The directions include maintaining accounts on the principles of accounting applicable to non-business/non-profit organisations, preparing financial statements every year — indicating income from fees, expenses towards salaries/
allowances of employees, provision for donation, gratuity, etc — and filing them with the education director.
On April 27, 2004, the SC had also upheld the Delhi Directorate of Education’s order of December 15, 1999 saying schools cannot transfer fees/funds collected from students to the society/trust that runs it or to any other institution. But on Friday, the SC modified its order to allow schools to divert funds.
On the matter of development fund, the SC had said: “Taking into account cost of inflation… schools should be permitted to charge development fee not exceeding 15 per cent of the total annual tuition fee.” This direction, too, remains.
Though the verdict came on petitions filed by schools in Delhi, in principle, it would be applicable to all such schools in India, said Ashok Agrawal, counsel for Delhi Avibhavak Mahasangh, a parents’ body that had raised the issue of commercialisation and profiteering by schools before the HC in 1997.
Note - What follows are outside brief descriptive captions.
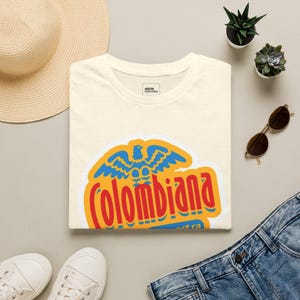 Puede incluir: Una camiseta de color crema con un gráfico de un águila azul sobre el texto rojo Colombiana en un fondo amarillo. La camiseta tiene un cuello redondo y una pequeña etiqueta interior que dice Arepa Con Todo en texto negro sobre blanco.
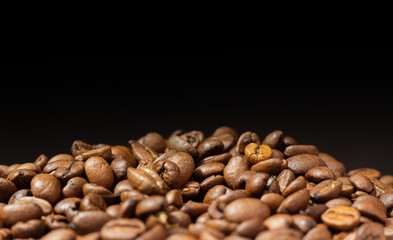 Roasted coffee beans on black background. Heap of coffee beans. Poured coffee close-up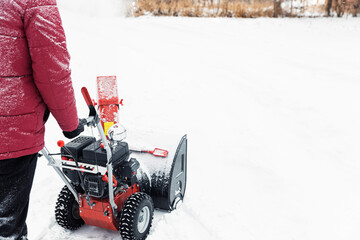 Detail of portable red snow blower powered by gasoline in action. Man outdoor using snowblower machine after snowstorm. Snow removal, thrower assistant in winter. Guy blowing snow during blizzard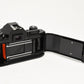 Nikon EM 35mm SLR w/Nikon Nikkor 50mm f1.8 lens, strap, cap, new seals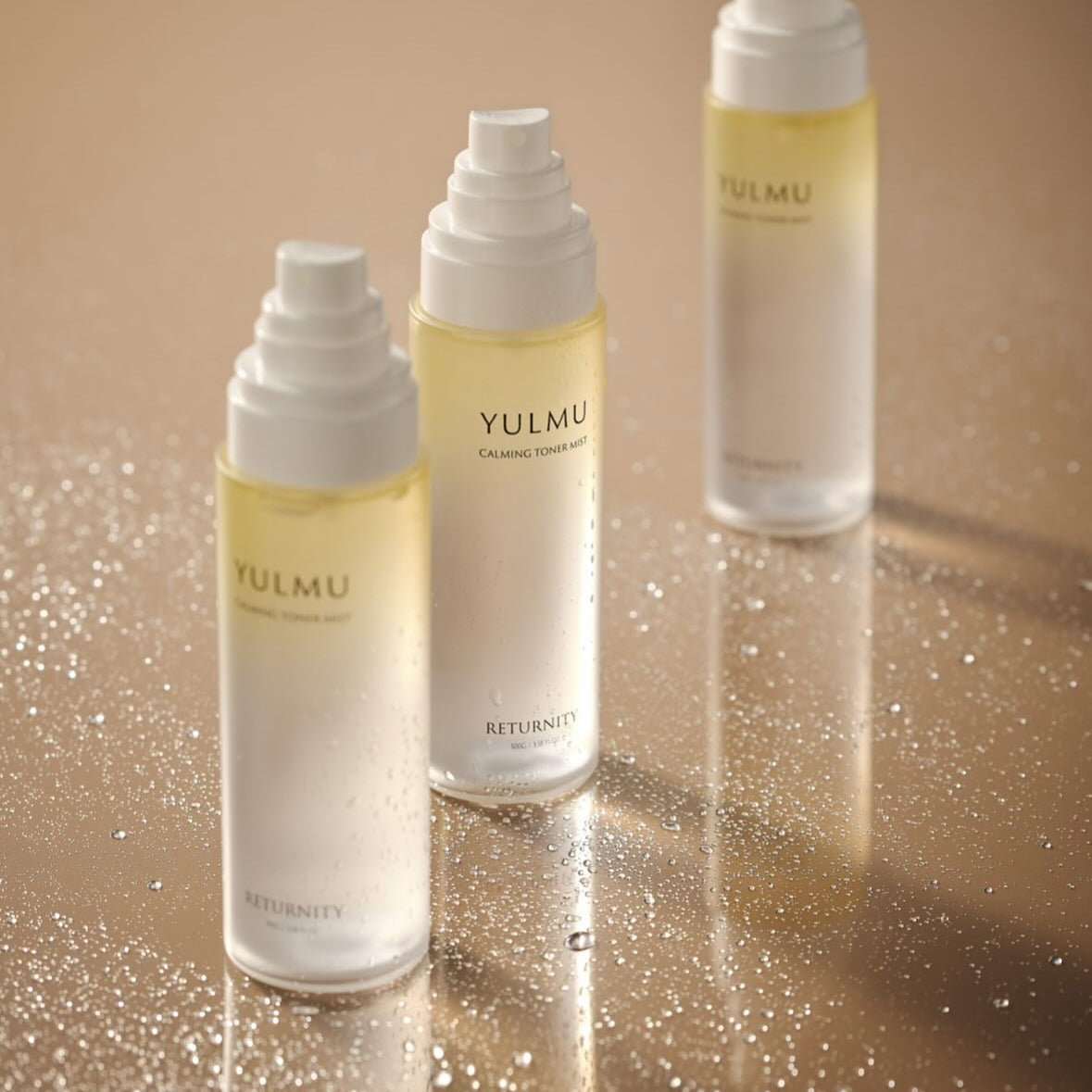 Three bottles of RETURNITY Yulmu Calming Toner Mist 100ml on a reflective surface.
“It’s a welcome step. It has vindicated our stand and will help parents and students,” he added.
“It is a huge relief to harassed parents like us. Now… the Delhi government should intervene and help roll back fees,” said Varinder Arora, convener, Delhi School Parents Association.
An education department official, who did not want to be named, said the Delhi government would comment after it had received the judgment.